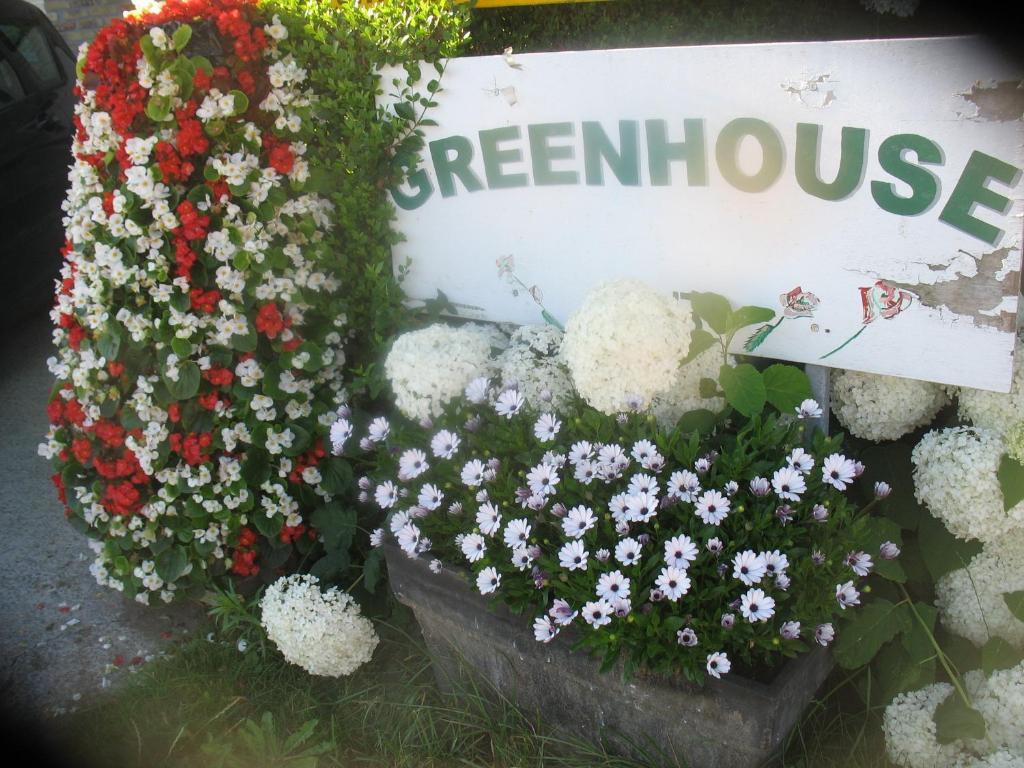 B&B Greenhouse 37 Langemark Exteriör bild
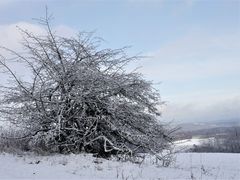 Knüll-Spaziergang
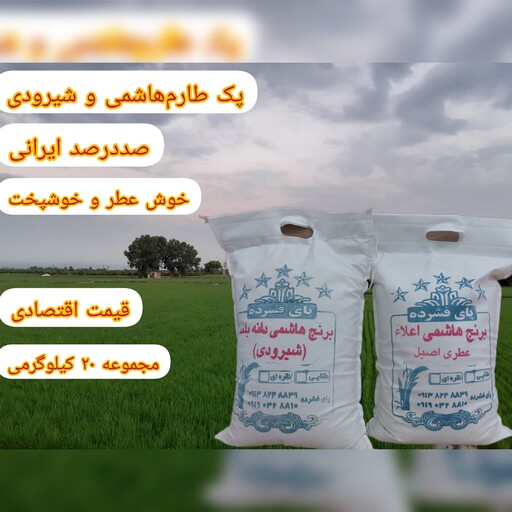 پک برنج طارم هاشمی اصیل و برنج شیرودی هاشمی دانه بلند 20 کیلویی برند پای فشرده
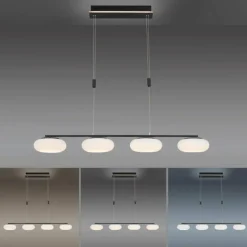 Paul Neuhaus Q-Serie Suspension Paul Neuhaus Q-ETIENNE LED Noir, 4 lumières, Télécommandes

**What you will do:**
Pictures aside, print every line of the material exactly.

**Solution for this problem:**
 B&B Greenhouse 37 Langemark Exteriör bild
 Knüll-Spaziergang
 پک برنج طارم هاشمی اصیل و برنج شیرودی هاشمی دانه بلند 20 کیلویی برند پای فشرده
 Paul Neuhaus Q-Serie Suspension Paul Neuhaus Q-ETIENNE LED Noir, 4 lumières, Télécommandes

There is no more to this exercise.